At dinner, ʻAMAʻAMA serves up the best in modern interpretations of Hawaiian cooking. The signature starter is the ʻAMAʻAMA seafood platter, with ceviche, crab legs, jumbo shrimps and oysters. Other appetizers include big eye tuna poke, macaroni au gratin with lobster and Maui onion soup. Main dish entrées range from seafood Thai curry to grilled prime New York striploin. Fresh fish options include the daily sustainable catch and Hawaiian snapper “lau lau,” served with sautéed spinach, Maui onion and tomato-ogo vinaigrette.
Sweet endings include a Mocha Chantilly Cake, with Coffee Kanten, Coffee Anglaise, Macadamia Nut Nougatine and Chocolate Gelato, as well as a Lemon Grass Crème Catalana, with with Coconut Glace, Black Sesame Nougatine and Fresh Coconut Shavings.

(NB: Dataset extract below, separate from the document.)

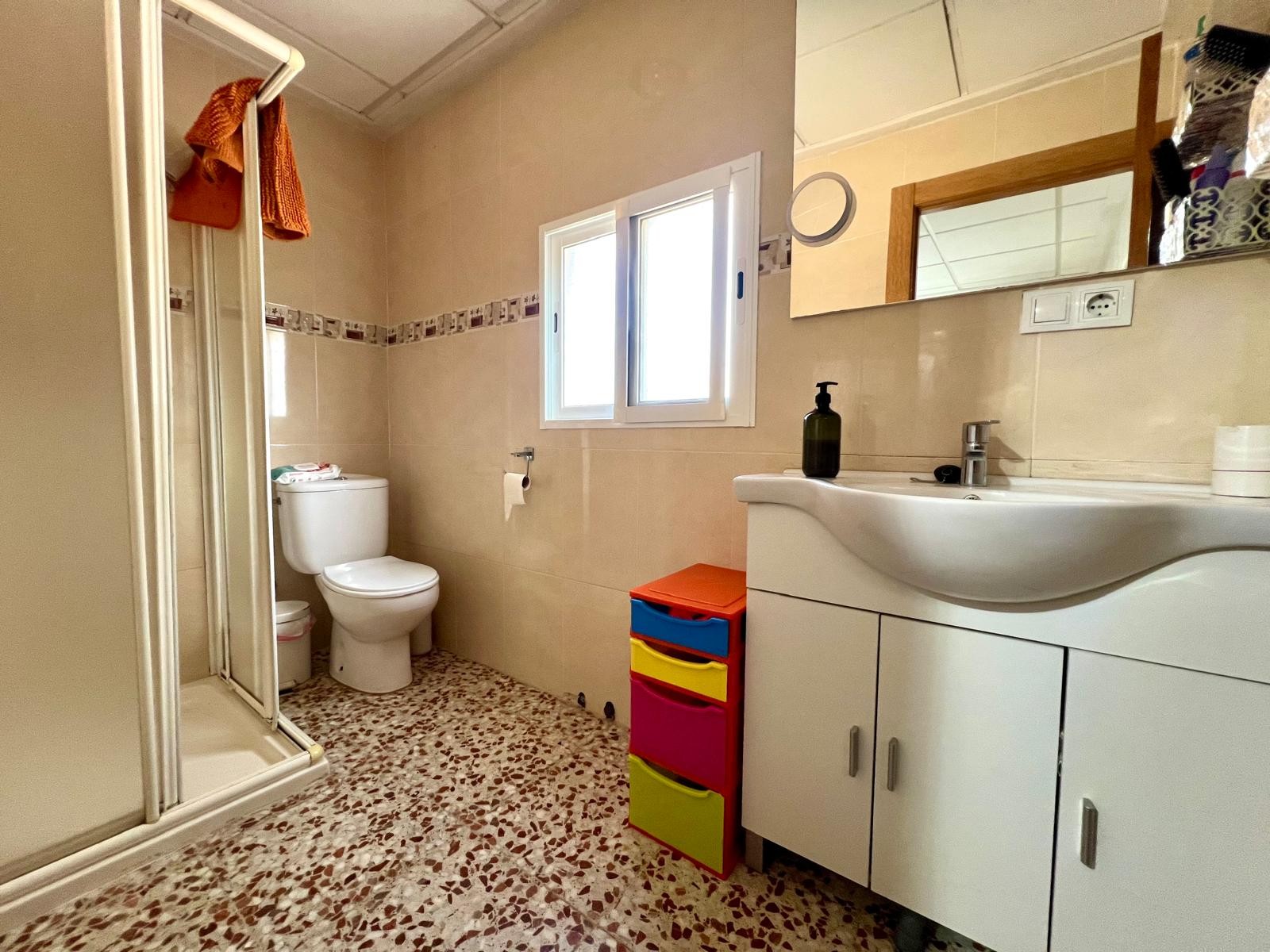 3 Bed, 1 Bath, HouseFor Sale, Monóvar/Monóver, Alicante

The entryway of ʻAMAʻAMA is framed with a design inspired by the ancient fish traps still used by local fishermen, opening into the spacious dining room with a thatched roof, walls of mosaic, rough stone, or painted in cool shades of blue remindful of the waves of the ocean. A concrete fountain and reflecting pool are the restaurant’s fishing-themed focal point.
Makahiki – The Bounty of the Islands
With a buffet that’s open daily for breakfast and dinner, the spirit of the Makahiki – The Bounty of the Islands is celebrated in the fresh and flavorful cuisine.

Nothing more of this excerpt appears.